Monday, July 25, 2011

Life and death and animals


Do not read this if you are squeamish about cat pee or sensitive about the topic of “putting pets to sleep.”

I am a farm girl and less sentimental than most about the life and death power we hold over our animal friends. I favor limiting suffering, both theirs and ours.

They say that the number one reason for cat euthanasia is litter box problems. Our beloved Lalo is 17 years old and in pretty good health, but six weeks ago he stopped using the litter box. We took him to the vet, discovered a urinary tract infection, and treated it by shooting pills down his throat, to his great distress.

Still, he did not go back to the litter box. Instead, he continued to use any loose matter on the basement floor. He favored the coil of cords next to Vic’s basement desk. When we removed all bags, books, and papers and lifted the cords off the floor, he used the bare floor.

We tried different litter—including the Senior Cat litter that he used to favor. It is supposed to be irresistible. He resisted.

We tried leaving him outside most of the day. He peed on the basement floor at night.

We tried keeping him out of the basement and mostly out of the house. We penned him in the front porch with food, water, and litter boxes. I kept him company when I could. We left him there overnight.

In the morning he would be gone, no pee in the box or on the floor. He escaped to the outdoors by pawing open the inward-opening screen door, as he has done before. He has never learned that getting back inside is even easier. Instead, he waits patiently at the backdoor to be let in for food and water.

Why not let him be an outdoor cat? Because any food placed outside for Lalo would also be food for raccoons.

Even food placed on the porch for Lalo, it turns out, is also food for raccoons.
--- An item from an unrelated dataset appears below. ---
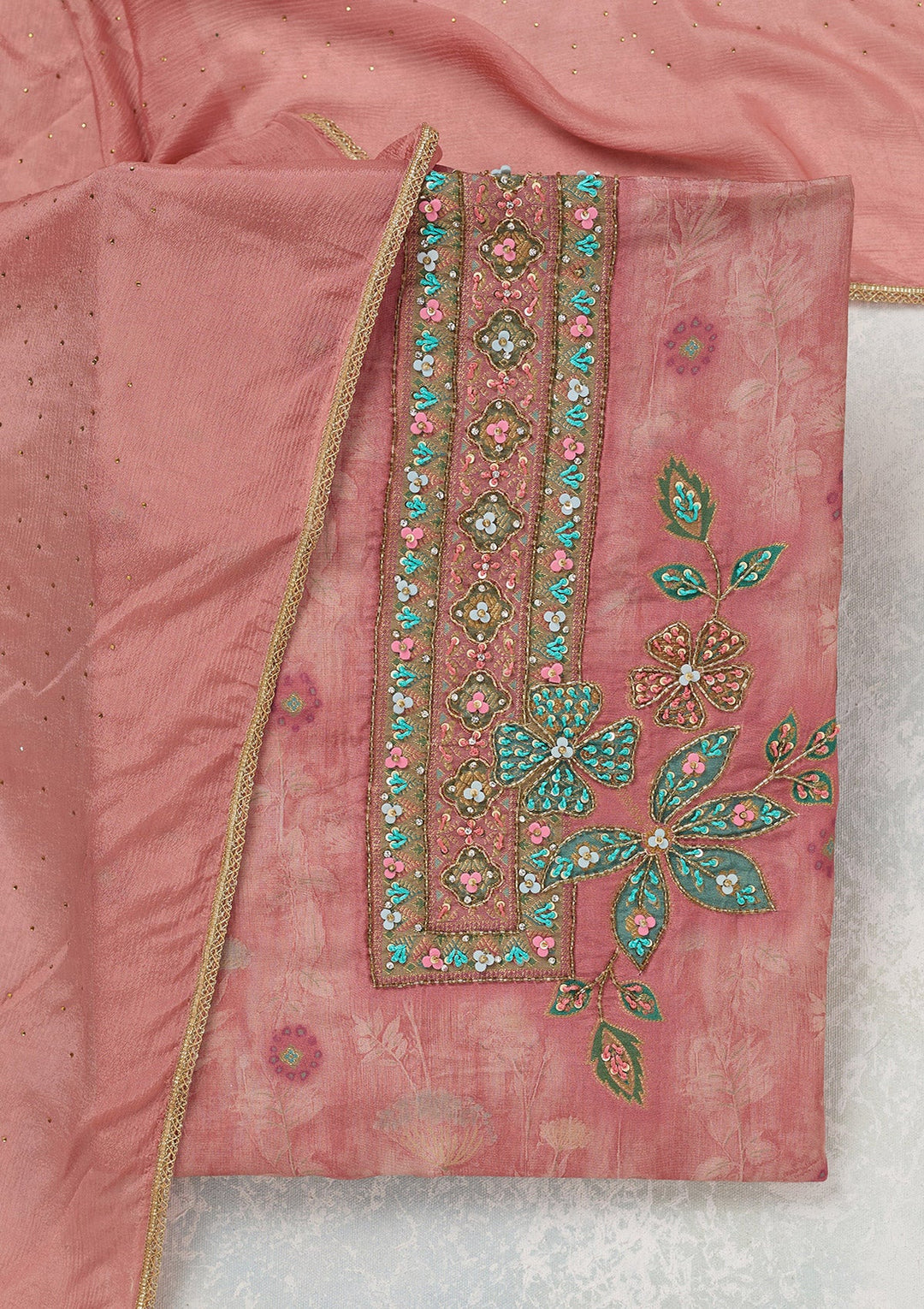 Onion Pink Zariwork (Gold) Organza Unstitched Salwar Suit_koskii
Screen doors do not deter hungry raccoons. They invaded the porch one night, overturned the water bottle, ate up the (pristine) wheat-based litter, and dragged the entire feeder into the woods.

We let Lalo back into the house, mopped the basement regularly, and debated our options. Euthanasia came into consideration.

We tried another litterbox shuffle, different litters, different areas of the basement.

A glimmer of hope. We covered one of his pee spots on the floor with a bit of litter and he used the same spot again. Perhaps if we made a litter box that was almost like the floor . . . .

Yesterday we cut down a new litter box so that it had only a 2-inch rim, scattered a thin layer of litter in it, and put it exactly over the spot he’d last used. He peed on the floor right next to it.

Heavy-hearted, we decided to call the vet in the morning to make the appointment.

But lo and behold, as my mother would have said, this morning there were two wet spots in the box. The first in-the-box pee in six weeks!

Of course, there was poop on the floor in the corner but hey. The old cat has turned a corner. He has won an 11th-hour reprieve.